I wasn't in the market for more mealworms. I had gone to visit Florence Dunkel, the entomologist, in Montana, and eaten plenty of them, fried up in butter, in her kitchen. They smelled of mushrooms and tasted of sunflower seeds. The flavor was unobjectionable, but not reason enough to eat something that reminded me of the time I was halfway through a sleeve of extra-crumbly Ritz crackers before I realized that the crumbs were moving. I wanted to see if bugs could be transcendent, and I knew who would know. “One of the biggest successes of the local New Cocktailian movement is the mezcal-based Donaji at Rivera downtown, which Julian Cox serves in a rocks glass rimmed with toasted-grasshopper salt,” Jonathan Gold wrote to me. I duly went to the restaurant and ordered the Donaji, a $14 cocktail named
after a Zapotec princess. The salt tasted like
Jane's Krazy Mixed-Up Salt,
crushed Bac-Os, and fish-food flakes; the bartender recommended it as a rub for grilled meat.

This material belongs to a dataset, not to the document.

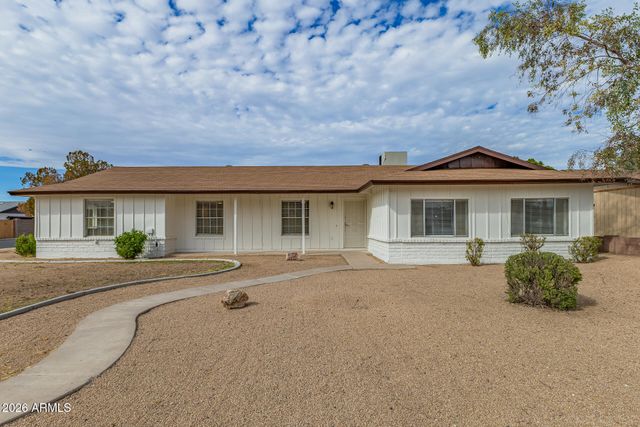 2554 E FOX Street, Mesa, AZ 85213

Gold also mentioned that I might try Laurent Quenioux, at Bistro LQ, an old acquaintance of his. Gold's 2006 review of Quenioux's wild hare stew—“a soft, gloriously stinky Scottish hare stewed in something approximating the traditional
foie gras
–inflected blood”—was one of the pieces for which he won the Pulitzer. To me, Gold wrote, “He occasionally has
escamoles
, giant ant eggs, on the menu. They're very seasonal, early spring I think, so you'd have to call.” It was winter. I would have to wait.

Escamoles
are not actually eggs but immature
Liometopum apiculatum
. A delicacy since Aztec times—they were used as tribute to Moctezuma—they are still a prized ingredient in high-end Mexico City restaurants, where they are known colloquially as Mexican caviar. Exquisitely subtle, palest beigy-pink, knobbly as a seed pearl, they command a market price of around $70 a pound.